In the wake of the season-ending knee injury suffered Thursday by designated hitter Brad Fullmer, the Angels recalled utilityman Chone Figgins from triple-A Salt Lake and indicated Figgins, Shawn Wooten and Jeff DaVanon would all get significant playing time. DaVanon replaced Salmon in right field Friday and replaced Darin Erstad as the leadoff hitter.

General Manager Bill Stoneman said the moves were designed to help the Angels win this season, not to evaluate players for next season. Still, as the Angels stand 13 1/2 games out of first place in the American League West and in fifth place in the wild-card race, they plan to grant DaVanon an extended opportunity to show if he can be a regular outfielder and Figgins and Wooten chances that could translate into significant major league roles.

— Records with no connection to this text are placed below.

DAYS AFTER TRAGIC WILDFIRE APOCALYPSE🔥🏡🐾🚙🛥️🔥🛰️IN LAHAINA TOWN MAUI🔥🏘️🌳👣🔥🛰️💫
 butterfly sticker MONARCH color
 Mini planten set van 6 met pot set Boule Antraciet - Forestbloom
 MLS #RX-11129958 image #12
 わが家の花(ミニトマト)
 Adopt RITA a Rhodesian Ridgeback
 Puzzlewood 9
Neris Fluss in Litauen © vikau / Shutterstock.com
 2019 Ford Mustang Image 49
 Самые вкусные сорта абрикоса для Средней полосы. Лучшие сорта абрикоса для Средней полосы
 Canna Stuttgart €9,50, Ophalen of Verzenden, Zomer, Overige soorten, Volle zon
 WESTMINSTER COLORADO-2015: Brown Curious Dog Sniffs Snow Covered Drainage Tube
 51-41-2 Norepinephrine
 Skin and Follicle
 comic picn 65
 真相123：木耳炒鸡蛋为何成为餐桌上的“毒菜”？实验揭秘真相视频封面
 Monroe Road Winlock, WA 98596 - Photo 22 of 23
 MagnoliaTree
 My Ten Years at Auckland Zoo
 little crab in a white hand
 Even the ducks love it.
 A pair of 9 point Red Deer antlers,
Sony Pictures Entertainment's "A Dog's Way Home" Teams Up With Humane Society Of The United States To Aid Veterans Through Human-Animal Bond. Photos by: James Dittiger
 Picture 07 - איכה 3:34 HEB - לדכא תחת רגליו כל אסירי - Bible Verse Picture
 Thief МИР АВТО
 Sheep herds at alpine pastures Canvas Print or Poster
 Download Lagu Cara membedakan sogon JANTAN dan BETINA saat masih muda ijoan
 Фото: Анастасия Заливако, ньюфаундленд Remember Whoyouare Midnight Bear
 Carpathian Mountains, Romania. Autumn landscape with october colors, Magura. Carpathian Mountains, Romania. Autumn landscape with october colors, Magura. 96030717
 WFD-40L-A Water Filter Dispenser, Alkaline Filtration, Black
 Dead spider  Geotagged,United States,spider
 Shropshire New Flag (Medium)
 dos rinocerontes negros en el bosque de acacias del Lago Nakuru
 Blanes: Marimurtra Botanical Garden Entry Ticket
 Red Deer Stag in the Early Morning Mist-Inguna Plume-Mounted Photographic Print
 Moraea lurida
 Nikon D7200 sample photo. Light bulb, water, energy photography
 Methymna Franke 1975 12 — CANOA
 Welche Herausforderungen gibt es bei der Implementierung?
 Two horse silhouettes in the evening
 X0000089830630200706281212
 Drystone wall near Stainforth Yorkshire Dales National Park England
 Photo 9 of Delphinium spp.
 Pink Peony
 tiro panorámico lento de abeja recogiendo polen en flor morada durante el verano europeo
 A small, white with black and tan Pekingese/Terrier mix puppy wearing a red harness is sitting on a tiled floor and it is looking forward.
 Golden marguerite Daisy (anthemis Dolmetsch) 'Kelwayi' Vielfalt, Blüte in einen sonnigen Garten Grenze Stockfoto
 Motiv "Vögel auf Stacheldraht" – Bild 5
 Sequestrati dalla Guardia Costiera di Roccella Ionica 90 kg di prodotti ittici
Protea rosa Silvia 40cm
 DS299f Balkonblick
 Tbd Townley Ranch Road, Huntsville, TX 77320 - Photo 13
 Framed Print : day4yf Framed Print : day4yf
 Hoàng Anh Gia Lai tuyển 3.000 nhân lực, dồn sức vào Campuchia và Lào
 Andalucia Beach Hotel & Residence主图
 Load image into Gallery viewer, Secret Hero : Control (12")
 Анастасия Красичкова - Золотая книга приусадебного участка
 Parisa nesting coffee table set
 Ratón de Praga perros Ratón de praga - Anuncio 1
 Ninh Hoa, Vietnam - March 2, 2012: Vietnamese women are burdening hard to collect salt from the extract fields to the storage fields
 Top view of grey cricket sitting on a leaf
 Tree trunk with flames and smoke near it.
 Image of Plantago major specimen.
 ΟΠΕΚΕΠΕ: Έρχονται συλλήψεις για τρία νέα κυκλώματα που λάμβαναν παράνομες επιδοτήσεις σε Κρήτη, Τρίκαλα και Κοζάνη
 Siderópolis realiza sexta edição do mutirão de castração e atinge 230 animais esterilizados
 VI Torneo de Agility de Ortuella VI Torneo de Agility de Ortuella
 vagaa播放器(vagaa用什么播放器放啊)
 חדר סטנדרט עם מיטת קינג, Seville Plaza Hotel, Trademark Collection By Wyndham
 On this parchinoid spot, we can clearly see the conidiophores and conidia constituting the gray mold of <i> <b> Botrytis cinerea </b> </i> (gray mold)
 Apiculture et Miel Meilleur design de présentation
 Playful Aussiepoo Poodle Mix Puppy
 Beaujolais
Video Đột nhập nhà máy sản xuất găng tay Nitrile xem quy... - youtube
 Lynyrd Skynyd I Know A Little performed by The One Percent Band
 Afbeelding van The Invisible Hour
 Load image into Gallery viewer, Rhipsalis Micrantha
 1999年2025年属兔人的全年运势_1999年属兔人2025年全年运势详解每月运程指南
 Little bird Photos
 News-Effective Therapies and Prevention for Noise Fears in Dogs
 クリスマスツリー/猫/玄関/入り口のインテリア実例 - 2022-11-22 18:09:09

"You find out a lot when you give people opportunities," Stoneman said. "Sometimes people step up and take advantage of those opportunities and make you wonder why you didn't give it to them earlier."

The Salmon decision is a delicate one, given his status as the Angels' all-time home run leader and franchise icon who hoisted the World Series championship trophy, and his oft-expressed distaste for the designated hitter position. Salmon, 34, whose contract extends through 2005, said last month that "I don't ever see myself pigeonholed solely as a DH."

However, the Angels regularly remove him for defensive purposes, and even Salmon acknowledged that DaVanon is the superior defensive outfielder right now.

In a closed-door meeting Friday, Manager Mike Scioscia and outfield coach Ron Roenicke told Salmon he would not be used solely at designated hitter but that the team needed him there more often in the absence of Fullmer.

"I think I'm being put into this position because of the dynamics of the team," Salmon said. "Everybody on the team needs to put aside their own desires. This is what works best for the club right now."

Salmon said he "couldn't get an answer" from Scioscia about how often he would be the designated hitter. "More than he probably wants to," one teammate said.

Said Scioscia: "I don't expect it to be every day. It will be more than he's had."

The Angels will probably use him at DH against right-handers. Scioscia said the Angels want to "keep him in touch with right field."

Wooten could take some playing time from first baseman Scott Spiezio against left-handers. First baseman Robb Quinlan, the Pacific Coast League MVP last season, is hitting .323 at triple-A Salt Lake and could also figure as a possible replacement for Spiezio next season.

"He's certainly a guy we expect to be a major league player for us at some point," Stoneman said.

DaVanon, who had three hits Friday to lift his batting average to .346, is out of minor league options after this season. Triple-A shortstop Alfredo Amezaga, hitting .348 at Salt Lake, also could join the Angels next season.

Stoneman said the Angels did not consider making a trade to replace Fullmer, an option Salmon said he might have endorsed.

"You're talking about an offense that's been scuffling, so, in the short run, yes," Salmon said. "In the long run, what are you going to give up to get something? I still think we have the offense we need."

Stoneman said fans and players should not draw the conclusion that the Angels are playing for 2004, not 2003.

"Any time you go out there, it's to win a game," he said. "That takes precedence over everything."

Spiezio said the players have not abandoned hope of returning to the playoffs this season and were not preoccupied in decoding the meanings of moves made by the front office.

"It doesn't matter what they think. It matters what the players think," Spiezio said. "We think we've got a great chance. We've got a long way to go."